Ya había transitado previamente Antonio Muñoz Molina por algunas de las sendas narrativas que articulan Un andar solitario entre la gente (incluida esa que ha dado en llamarse «autoficción»), un libro que está muy próximo a Ventanas de Manhattan (2004), al que, hasta cierto punto, prolonga ahora el autor en la segunda parte, titulada «Don Nadie», que narra el regreso a Nueva York y su despedida de la ciudad donde vivió un buen puñado de años.

Todo el oficio de escritor labrado a lo largo de una dilatada y reconocida trayectoria y toda la experiencia del hombre maduro no bastaron, sin embargo, para ahuyentar la «sombra negra» que se apoderó de Antonio Muñoz Molina durante el tiempo que vivió apresado en la oscuridad, «con una pesadumbre que me inclinaba la cabeza hacia el suelo y me agobiaba los hombros siempre encogido […], cuando cualquier calle era un túnel y cada habitación una celda irrespirable en un sótano. Abría los ojos muy temprano azuzado por un hocico de angustia y en la primera claridad turbia ya encontraba esa presencia a los pies de la cama…». La crónica de aquel dolor —extrañeza, malestar, desapego, miedo, ennui, spleen, weltschmerz— y, sobre todo, el relato de la lucha por defenderse de la oscuridad y no dejar que esas sombras se acercasen, ni, mucho menos, rendirse a ellas de antemano, es uno de los ejes que articulan Un andar solitario entre la gente y, posiblemente, la razón principal de que el autor emprenda esta peculiar travesía literaria que deviene un auténtico viaje interior, mientras recorre la ciudad y registra todas sus voces (incluidas las mudas) y ausculta todo cuanto aflora y nos reclama.
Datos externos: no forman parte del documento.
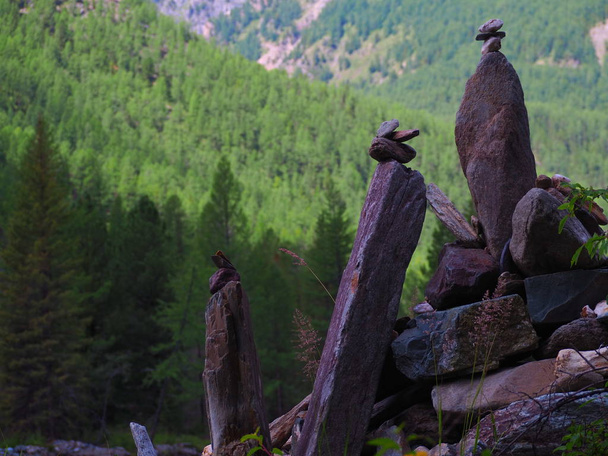"Stone Town "w dolnym Shavla jeziora, góry Ałtaj, Rosja - Zdjęcie, obraz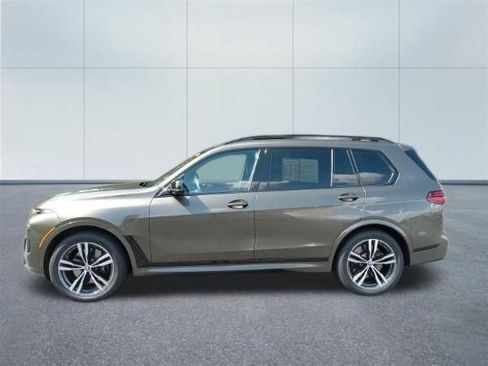 Used 2024 BMW X7 M60i w/ Climate Comfort Package AWD/4WD image 2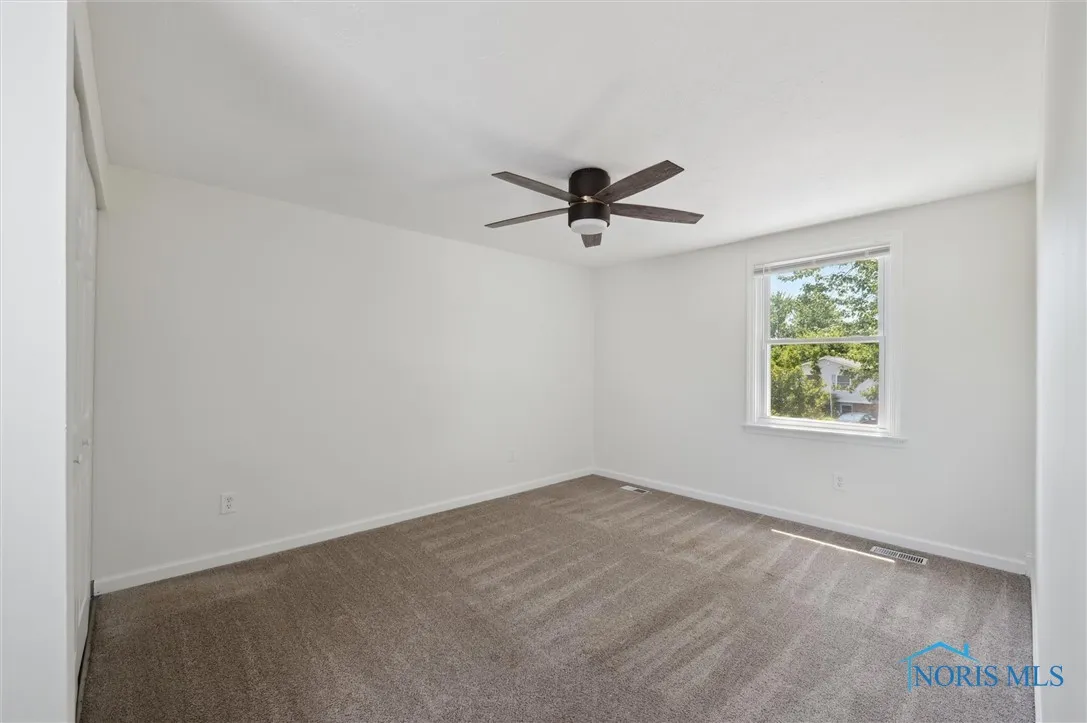 2121 Bromford Road, Maumee, Ohio 43537, 4 Bedrooms Bedrooms, 9 Rooms Rooms,2 BathroomsBathrooms,Residential Lease,For Rent,Bromford,6133165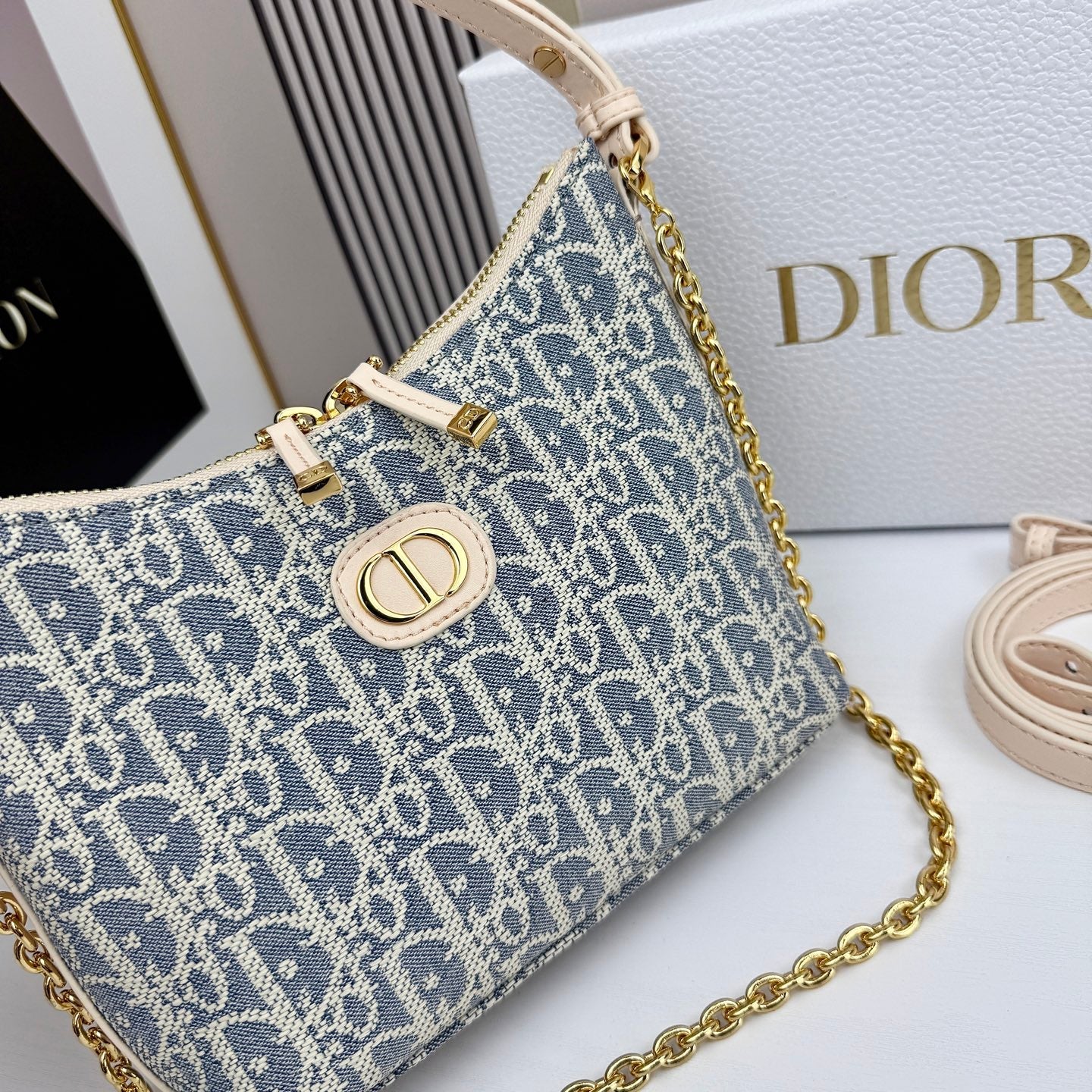 DIO* 25SS chain bag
La ciudad es un espejo que emerge a través de los carteles y letreros y anuncios publicitarios, o de las múltiples pantallas que la pueblan, o de los grafitis y murales de los artistas adscritos al street art. Su latido también resuena en las conversaciones captadas al azar y que el narrador transcribe en una sucesión inconexa, yuxtaponiéndolas en tiradas que semejan poemas en prosa, igual que hace con algunos titulares de prensa o con breves noticias que acotan el tiempo presente: verano de 2016, cuando arranca esta experiencia, y con ella el propósito de «vislumbrar los chispazos de poesía que brillan de golpe en un anuncio o en una crónica del periódico, en una conversación que escucho al paso». La ciudad es, asimismo, otros espacios: los cafés que frecuenta y los museos cuyas exposiciones visita, el metro en que se desplaza, pero, especialmente, las calles y las plazas que atraviesa, a veces, en un recorrido casi sonámbulo. Porque, pese a la hostilidad y el ruido y la inmundicia, es durante estos merodeos y extravíos que bordean el automatismo cuando comparecen otros caminantes o paseantes o flâneurs, igual de solitarios y perdidos que nuestro narrador.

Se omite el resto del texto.